In South Korea, age is counted differently: once a baby is born, it is considered one year old. Every new year (January 1st) the same baby already marks the second year, which means that someone born in December can reach the twoyear mark in a few weeks of life.
In practice, the country has three different systems for counting a person’s age: there is an international system that uses a person’s date of birth; the official method, in which babies are born at the age of 0 and gain a year every January 1st, and the “Korean age” method, which is the most widely used, in which everyone is automatically one year old at birth and one year old is older on New Year’s Day, regardless of birth date.
This means that a person born on December 30, 1995 would be 28 years Korean, 26 years International and at the same time 27 years old. This tradition of age calculation began in China and has been part of the culture of various parts of Asia, but South Korea is the only country that still maintains it.
South Korea has its own way of counting ages (Image: Twenty20photos/envato)
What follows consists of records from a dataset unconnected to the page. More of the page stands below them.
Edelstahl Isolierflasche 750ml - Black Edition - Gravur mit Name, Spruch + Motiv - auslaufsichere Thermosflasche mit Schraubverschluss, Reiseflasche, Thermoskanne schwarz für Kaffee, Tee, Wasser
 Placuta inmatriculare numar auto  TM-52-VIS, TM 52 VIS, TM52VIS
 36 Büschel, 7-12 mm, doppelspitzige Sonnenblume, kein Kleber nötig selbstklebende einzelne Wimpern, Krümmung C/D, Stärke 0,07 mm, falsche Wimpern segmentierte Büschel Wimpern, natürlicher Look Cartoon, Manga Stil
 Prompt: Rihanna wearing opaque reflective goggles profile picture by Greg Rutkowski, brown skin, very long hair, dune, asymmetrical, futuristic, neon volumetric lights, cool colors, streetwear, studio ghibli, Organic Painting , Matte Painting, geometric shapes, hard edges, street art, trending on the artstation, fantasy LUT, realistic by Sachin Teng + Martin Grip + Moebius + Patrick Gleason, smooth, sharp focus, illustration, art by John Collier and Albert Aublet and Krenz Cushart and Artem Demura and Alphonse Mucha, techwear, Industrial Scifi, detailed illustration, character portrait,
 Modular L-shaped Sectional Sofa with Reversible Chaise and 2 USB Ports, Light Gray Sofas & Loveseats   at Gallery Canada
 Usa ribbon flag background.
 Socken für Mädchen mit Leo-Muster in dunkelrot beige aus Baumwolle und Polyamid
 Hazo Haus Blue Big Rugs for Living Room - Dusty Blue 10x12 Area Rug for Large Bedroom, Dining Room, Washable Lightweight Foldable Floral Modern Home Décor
Maybe not even for long. The country intends to abolish this method, which is already having some social and even economic consequences due to ongoing confusion and disputes over age calculation for social, pension and other administrative benefits.
This confusion was particularly acute during the pandemic, as public health officials used international age and Korean age interchangeably to define the age range for COVID19 vaccine eligibility. The idea of inventing a standard is not entirely new, however. Draft laws have been circulating in South Korea since 2019.